See Lansell House Pty Ltd v FCT [2010] FCA 329, Federal Court, Sundberg J, 9 April 2010.
Corporate trustee up-date
April 21st, 2010The recent decision in Newmarket Trustees Limited v CIR is a timely reminder of the risks inherent in the appointment of an assetless corporate trustee. Newmarket Trustees Limited is the trustee for a number of trusts, one of which (the Southern Lights Trust) has substantial unsatisfied tax obligations. Newmarket Trustees Limited acknowledged its liability for the tax obligations (about which it had been unaware when it accepted the appointment as trustee) but sought to have a statutory demand set aside on grounds that included the disruption to other trusts if the trustee was liquidated and the trustee’s lack of involvement in the day to day management of the debtor trust. Declining the application the Court was critical of the trustee’s failure to meet its obligations as a trustee and the absence of any information regarding the Southern Lights Trust’s financial position.

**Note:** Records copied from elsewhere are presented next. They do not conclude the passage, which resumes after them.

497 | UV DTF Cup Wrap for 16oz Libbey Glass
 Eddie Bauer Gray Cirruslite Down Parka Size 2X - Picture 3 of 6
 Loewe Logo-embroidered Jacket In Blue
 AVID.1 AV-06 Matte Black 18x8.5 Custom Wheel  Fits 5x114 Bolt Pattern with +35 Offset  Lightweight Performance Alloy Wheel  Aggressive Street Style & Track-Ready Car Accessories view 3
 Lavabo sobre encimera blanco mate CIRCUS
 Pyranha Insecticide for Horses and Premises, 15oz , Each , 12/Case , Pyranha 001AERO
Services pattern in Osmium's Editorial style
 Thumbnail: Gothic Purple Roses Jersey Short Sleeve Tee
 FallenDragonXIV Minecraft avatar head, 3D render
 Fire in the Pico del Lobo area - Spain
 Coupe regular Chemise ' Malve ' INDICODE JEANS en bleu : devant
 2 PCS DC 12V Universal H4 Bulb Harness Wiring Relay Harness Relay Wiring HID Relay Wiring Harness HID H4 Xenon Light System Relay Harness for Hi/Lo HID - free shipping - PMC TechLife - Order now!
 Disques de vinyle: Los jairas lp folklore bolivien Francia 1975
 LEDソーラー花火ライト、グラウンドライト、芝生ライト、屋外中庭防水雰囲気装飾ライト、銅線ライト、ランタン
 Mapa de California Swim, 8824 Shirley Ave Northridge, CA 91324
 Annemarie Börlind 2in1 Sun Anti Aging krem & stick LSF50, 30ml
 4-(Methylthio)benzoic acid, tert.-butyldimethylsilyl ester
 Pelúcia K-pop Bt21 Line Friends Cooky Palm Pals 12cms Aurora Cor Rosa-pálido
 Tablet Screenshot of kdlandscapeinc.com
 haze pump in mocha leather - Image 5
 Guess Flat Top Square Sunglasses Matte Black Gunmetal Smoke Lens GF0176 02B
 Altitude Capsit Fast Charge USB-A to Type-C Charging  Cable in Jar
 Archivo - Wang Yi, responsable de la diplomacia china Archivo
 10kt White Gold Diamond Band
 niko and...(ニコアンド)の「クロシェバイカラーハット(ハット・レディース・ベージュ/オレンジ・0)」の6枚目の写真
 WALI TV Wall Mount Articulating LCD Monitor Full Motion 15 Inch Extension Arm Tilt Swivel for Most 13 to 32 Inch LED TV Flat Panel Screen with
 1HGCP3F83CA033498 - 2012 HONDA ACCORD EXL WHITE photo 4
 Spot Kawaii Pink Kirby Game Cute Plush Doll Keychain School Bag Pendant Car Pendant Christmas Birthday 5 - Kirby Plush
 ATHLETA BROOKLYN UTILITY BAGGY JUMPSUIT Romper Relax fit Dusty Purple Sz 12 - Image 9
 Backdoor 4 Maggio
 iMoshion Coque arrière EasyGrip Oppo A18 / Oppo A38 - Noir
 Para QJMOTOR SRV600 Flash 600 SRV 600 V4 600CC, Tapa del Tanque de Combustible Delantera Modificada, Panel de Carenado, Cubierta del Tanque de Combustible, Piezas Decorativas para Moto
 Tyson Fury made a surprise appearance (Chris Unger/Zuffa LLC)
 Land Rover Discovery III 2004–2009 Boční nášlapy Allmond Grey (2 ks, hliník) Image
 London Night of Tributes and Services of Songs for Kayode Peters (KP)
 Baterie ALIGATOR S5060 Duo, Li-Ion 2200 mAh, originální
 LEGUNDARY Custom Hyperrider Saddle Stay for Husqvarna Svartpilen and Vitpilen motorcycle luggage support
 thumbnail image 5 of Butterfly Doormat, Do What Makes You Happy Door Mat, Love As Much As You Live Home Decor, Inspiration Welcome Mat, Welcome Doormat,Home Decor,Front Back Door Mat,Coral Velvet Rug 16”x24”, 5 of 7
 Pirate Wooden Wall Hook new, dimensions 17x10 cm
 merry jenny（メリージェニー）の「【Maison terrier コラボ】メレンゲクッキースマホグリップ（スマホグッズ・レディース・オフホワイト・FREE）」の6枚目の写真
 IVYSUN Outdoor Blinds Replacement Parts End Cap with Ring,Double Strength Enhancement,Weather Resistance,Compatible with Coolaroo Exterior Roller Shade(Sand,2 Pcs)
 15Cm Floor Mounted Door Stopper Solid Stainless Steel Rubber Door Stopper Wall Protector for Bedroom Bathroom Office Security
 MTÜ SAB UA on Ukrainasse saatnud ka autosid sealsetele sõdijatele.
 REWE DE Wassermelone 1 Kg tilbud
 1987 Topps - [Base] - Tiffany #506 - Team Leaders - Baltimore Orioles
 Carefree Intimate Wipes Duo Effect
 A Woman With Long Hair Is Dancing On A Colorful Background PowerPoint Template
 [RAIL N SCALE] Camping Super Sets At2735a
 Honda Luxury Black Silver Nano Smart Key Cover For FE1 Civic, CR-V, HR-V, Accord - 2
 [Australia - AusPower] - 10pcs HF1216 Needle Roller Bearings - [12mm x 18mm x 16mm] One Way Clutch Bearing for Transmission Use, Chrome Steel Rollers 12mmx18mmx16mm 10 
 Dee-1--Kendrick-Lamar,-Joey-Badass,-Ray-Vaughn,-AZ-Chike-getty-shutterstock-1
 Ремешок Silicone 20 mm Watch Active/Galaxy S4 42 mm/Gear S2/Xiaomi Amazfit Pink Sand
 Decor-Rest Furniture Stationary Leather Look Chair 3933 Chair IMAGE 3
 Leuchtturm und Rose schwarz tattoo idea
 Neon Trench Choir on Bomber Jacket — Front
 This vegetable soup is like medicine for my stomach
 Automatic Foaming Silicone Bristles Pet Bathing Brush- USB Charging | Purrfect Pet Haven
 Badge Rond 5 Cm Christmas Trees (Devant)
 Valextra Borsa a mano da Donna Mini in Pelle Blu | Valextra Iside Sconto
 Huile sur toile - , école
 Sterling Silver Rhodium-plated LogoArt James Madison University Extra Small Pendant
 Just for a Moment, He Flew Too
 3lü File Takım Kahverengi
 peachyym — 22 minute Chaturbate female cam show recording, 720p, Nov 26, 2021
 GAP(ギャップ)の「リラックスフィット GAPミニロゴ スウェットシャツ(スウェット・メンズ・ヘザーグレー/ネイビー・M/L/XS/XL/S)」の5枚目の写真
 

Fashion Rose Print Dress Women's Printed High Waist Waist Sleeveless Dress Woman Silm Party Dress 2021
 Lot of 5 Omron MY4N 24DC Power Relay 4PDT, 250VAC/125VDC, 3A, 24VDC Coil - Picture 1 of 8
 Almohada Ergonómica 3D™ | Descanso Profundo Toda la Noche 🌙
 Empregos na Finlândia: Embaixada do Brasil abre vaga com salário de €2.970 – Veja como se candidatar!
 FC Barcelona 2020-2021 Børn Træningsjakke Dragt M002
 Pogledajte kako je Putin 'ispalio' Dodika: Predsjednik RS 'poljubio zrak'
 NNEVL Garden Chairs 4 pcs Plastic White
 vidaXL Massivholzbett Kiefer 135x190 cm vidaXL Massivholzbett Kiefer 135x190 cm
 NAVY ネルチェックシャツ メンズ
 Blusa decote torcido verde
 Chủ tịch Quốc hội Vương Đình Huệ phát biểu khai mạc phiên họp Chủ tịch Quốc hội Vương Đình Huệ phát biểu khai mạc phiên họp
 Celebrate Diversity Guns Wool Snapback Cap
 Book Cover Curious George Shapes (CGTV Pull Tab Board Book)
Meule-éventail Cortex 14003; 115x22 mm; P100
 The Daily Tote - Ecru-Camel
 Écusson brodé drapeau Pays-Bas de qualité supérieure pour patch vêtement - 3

Although it could be hoped that this case can be limited to its facts, it would be interesting to hear readers’ views on whether the practice of using a single corporate trustee company for multiple trustee appointments is still common .
Clarification regarding blue pencil
March 27th, 2010The recent decision in Canterbury Development Corporation & Ors v Charities Commission (see cch.co.nz) provides a useful consideration of the “blue pencil” provisions in s. 61B of the Charitable Trusts Act 1957. Essentially s. 61B can be used to delete provisions of a trust that invalidate a charitable purpose. However, although the section refers to a “trust”, the High Court has interpreted the legislation broadly and to be read as referring to a charitable entity rather than to be limited to a charitable trust. Although this decision did not assist the appellant in this case, it provides a useful clarification regarding the scope and limitations of s.61B .
A fair rate of GST
March 10th, 2010It seems accepted in many quarters now that an increase to the rate of GST is inevitable. If this is the case the figure of 15% appears to be a likely contender for the new rate – even if the math will be hard. I’ve already stated my consumption tax bias, and as an avid home gardener, am currently collecting heirloom seeds for my next home grown home consumed zero-rated crop.